Life continues on as normal until another bout of sleepless nights hits and instead of soft cushions, his face meets hard wooden floors.
He sleeps there anyways, too tired to complain. Until morning comes and he wakes up stiff as the floor beneath him and he vows to never do that again.
He does it two more times in the coming weeks.
On the third time, he manages to catch himself on the wall. Through the haze of exhaustion his mind comes up with a solution for his problem.
He wouldn't need to sleep on the floor if he had his bed out here.
And with a sudden burst of manic energy, he stumbles into the hallway. Blindly reaching towards his door and ignoring the one situated right next to his.

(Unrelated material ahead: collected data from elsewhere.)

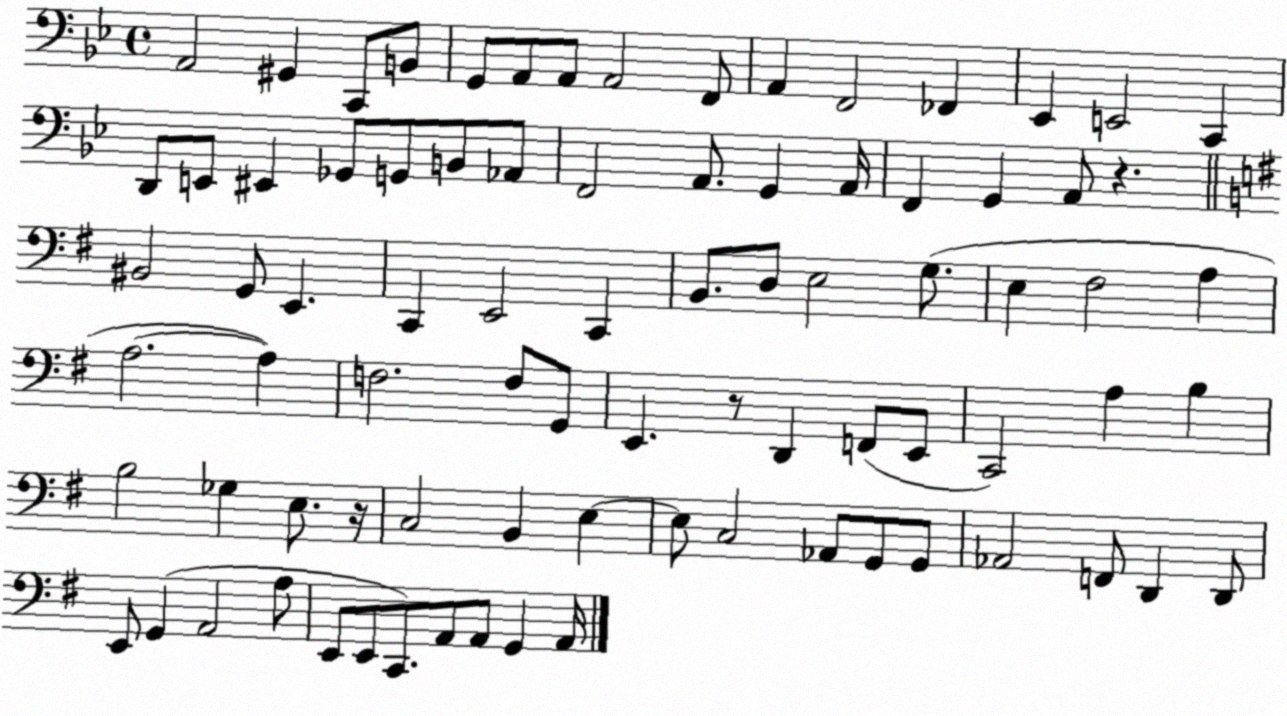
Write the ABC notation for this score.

X:1
T:Untitled
M:4/4
L:1/4
K:Bb
A,,2 ^G,, C,,/2 B,,/2 G,,/2 A,,/2 A,,/2 A,,2 F,,/2 A,, F,,2 _F,, _E,, E,,2 C,, D,,/2 E,,/2 ^E,, _G,,/2 G,,/2 B,,/2 _A,,/2 F,,2 A,,/2 G,, A,,/4 F,, G,, A,,/2 z ^B,,2 G,,/2 E,, C,, E,,2 C,, B,,/2 D,/2 E,2 G,/2 E, ^F,2 A, A,2 A, F,2 F,/2 G,,/2 E,, z/2 D,, F,,/2 E,,/2 C,,2 A, B, B,2 _G, E,/2 z/4 C,2 B,, E, E,/2 C,2 _A,,/2 G,,/2 G,,/2 _A,,2 F,,/2 D,, D,,/2 E,,/2 G,, A,,2 A,/2 E,,/2 E,,/2 C,,/2 A,,/2 A,,/2 G,, A,,/4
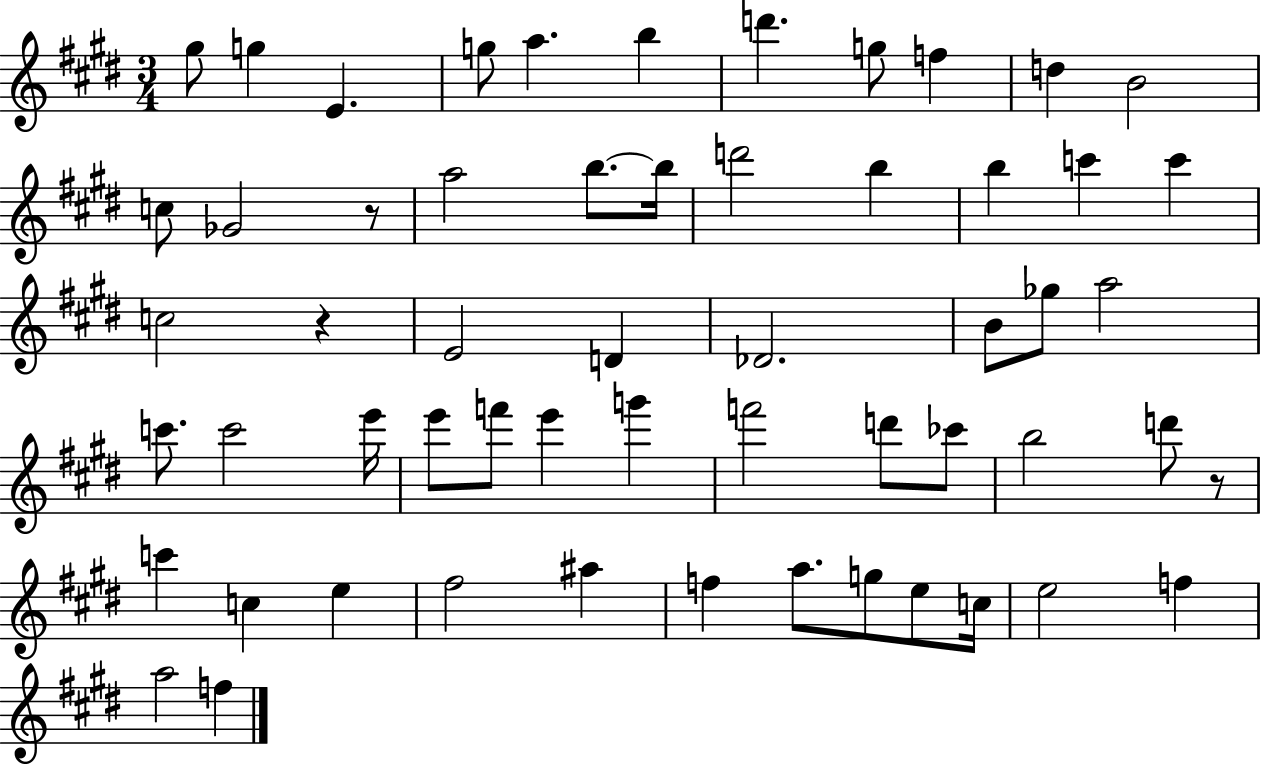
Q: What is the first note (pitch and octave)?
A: G#5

King had always been strong, blessed by his original game creator with the power to rule a kingdom, so it's no issue as he lifts and pulls and drags his bed from the middle of his room out into the hall.
Why he didn't just go to sleep in the bed itself is a question that crosses his mind in the future, but that is of no concern to him at the moment.
He loses pillows and blankets along the way, and he's pretty sure his door has scraps etched into its frame, but he finally gets it into the main room.
With one final shove, his bed is against the wall.
And King grins, nods his head as if satisfied with his work, and then promptly passes out next to the bed.
He wakes up the next day with a killer headache and an empty stomach, so it takes him until lunch to realize his bed is now outside his bedroom and is situated where his couch used to be.
It takes him a minute to process the change. He glances into the hallway to see the carnage of bedding left in his sleep deprived mania. He cringes and reluctantly picks up the pieces and deposits them back on his bed.
In all honesty, he doesn't know why he did this but it would be too much of a hassle to put it back and he is much too busy to find the time to do it. So the bed stays in its new spot up against the wall.
It isn't until another round of sleepless nights hits and King wakes up on his mattress feeling marginally better than he did before, that he decides this was one of the best decisions he made in a while. One problem solved.
And then he doesn't think about it anymore.
Not until a certain purple stick figure comes barreling into his life with a large pink tote bag in hand.